From Eisenhüttenstadt-Wiki

Jump to: navigation, search

Der Maler und Graphiker Herbert Aschmann (*06. Juni 1913 in Meißen, † 20. November 1975 Meißen) steht mit Eisenhüttenstadt dahingehend in Verbindung, als dass er mit seinem Gemälde Stahlwerk (bzw. "Eisenhüttenkombinat Ost - Kohle und Eisen") im Jahr 1952 eine frühe künstlerische Darstellung des Unternehmens "Sozialistische Industriestadt" schuf.

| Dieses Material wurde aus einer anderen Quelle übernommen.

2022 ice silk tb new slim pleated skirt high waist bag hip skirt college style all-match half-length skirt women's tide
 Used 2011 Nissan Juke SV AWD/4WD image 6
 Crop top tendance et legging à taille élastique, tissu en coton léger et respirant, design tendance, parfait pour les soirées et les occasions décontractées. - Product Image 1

Nach einer Gebrauchsgraphikerlehre in Dresden in den Jahren 1927-31 studierte er bei u.a. bei Max Adolf, Peter Frey und Arno Drecher an der Kunstgewerbe-Akademie in der sächsischen Hauptstadt und war im Anschluss bis 1950 freischaffend tätig. Ab 1950 trat er vorwiegend als Bühnen- und Kostümbildner in Erscheinung (von 1950-1963 am Stadttheater Meißen, 1963-1967 am Stadttheater Görlitz/Zittau, 1967-69 am Deutsch-Sorbischen Volkstheater in Bautzen). Er war Mitglied des Künstlerzusammenschlusses "Das Ufer". Kunst am Bau schuf er u.a. in Coswig, wo er die Glasfenster der 5. Oberschule gestaltete. Im Jahr 1973 war er Kunstpreisträger der Stadt Meißen.